→ **Instructions to follow**: Your answer should hold only the lines from the one containing "a hotel room" through the last line below, copied exactly; pictures stay out.

[[ Given information, beginning ]]

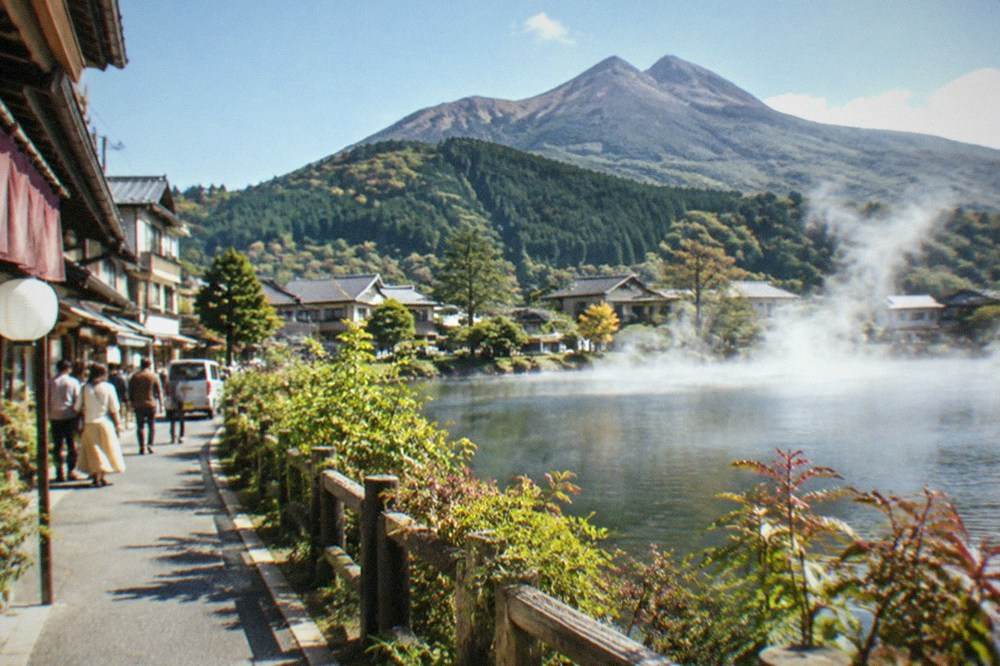 Steam rising from a lake at the edge of a small town with forested hills beyond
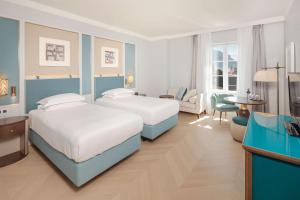a hotel room with two beds and a desk at Hilton Imperial Dubrovnik in Dubrovnik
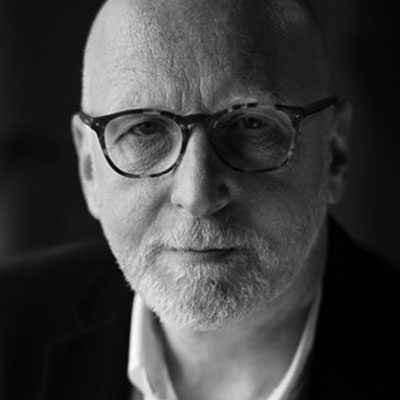 Black and white headshot of Brindley Sherratt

[[ Given information, end ]]

→ **Solution to this task**:
a hotel room with two beds and a desk at Hilton Imperial Dubrovnik in Dubrovnik
 Black and white headshot of Brindley Sherratt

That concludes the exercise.